The weavings of the Aymara People in Bolivia include many different styles and types. This catalogue focuses specifically on the large Balandrán Ponchos of the 18th and 19th Century. Although Ponchos had been used by Andean Peoples for thousands of years, it was in Jesuit workshops that large Balandrán style ponchos were first mass produced for export to Spain and for local use in the 17th century. These Ponchos became a symbol of status first worn by Mestizos who could not afford expensive European cloth. Later, the style was adopted by the Aymara after many of their traditional garments were outlawed by the Spanish following native uprisings at the end of the 18th century.

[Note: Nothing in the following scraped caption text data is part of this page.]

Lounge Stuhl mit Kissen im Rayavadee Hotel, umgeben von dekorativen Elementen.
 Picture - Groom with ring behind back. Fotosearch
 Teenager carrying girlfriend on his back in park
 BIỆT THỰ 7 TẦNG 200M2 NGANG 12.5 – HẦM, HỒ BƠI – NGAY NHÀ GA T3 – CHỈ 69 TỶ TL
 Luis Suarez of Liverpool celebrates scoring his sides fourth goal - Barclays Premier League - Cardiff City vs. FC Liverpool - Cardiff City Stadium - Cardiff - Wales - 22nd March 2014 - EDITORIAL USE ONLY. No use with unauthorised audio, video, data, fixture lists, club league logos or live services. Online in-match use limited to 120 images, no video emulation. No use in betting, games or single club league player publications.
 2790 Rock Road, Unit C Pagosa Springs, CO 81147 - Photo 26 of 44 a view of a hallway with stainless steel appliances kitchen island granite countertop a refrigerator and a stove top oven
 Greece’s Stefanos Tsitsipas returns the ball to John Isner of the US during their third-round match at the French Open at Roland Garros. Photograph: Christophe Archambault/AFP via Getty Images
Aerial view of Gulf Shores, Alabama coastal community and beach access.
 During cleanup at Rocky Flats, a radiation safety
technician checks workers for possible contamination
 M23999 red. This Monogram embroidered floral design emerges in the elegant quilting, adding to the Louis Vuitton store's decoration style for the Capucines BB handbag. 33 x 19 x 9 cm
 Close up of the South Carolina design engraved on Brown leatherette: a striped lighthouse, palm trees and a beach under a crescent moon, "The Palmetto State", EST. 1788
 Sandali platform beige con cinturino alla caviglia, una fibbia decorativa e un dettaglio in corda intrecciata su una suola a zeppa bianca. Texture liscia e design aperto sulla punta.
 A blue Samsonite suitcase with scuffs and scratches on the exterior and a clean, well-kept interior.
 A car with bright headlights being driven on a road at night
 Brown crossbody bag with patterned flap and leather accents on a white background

Two hundred years later a chance meeting in 1974 brought Giles Mead and William Siegal together. Mead was the Director of the Los Angeles County Museum of Natural History and Siegal an avid traveler and textile dealer. Within a month of their first conversation Mead became Siegal’s principal client for the weavings of the Aymara. Driven by a mutual passion for great weaving and a shared understanding of the historical significance of the otherwise undiscovered master works of the Aymara, they set out to collect, document and preserve as many of the oldest and finest examples as they could find. It became an undertaking of unexpected scale that ultimately led Siegal to spend nearly fifteen years traveling to remote villages on the Altiplano seeking heirloom textiles.

It is with profound humility and gratitude to Giles Mead and his daughter Parry, that I present the Giles Mead collection of Aymara Ponchos – without a doubt the finest collection of its type ever assembled.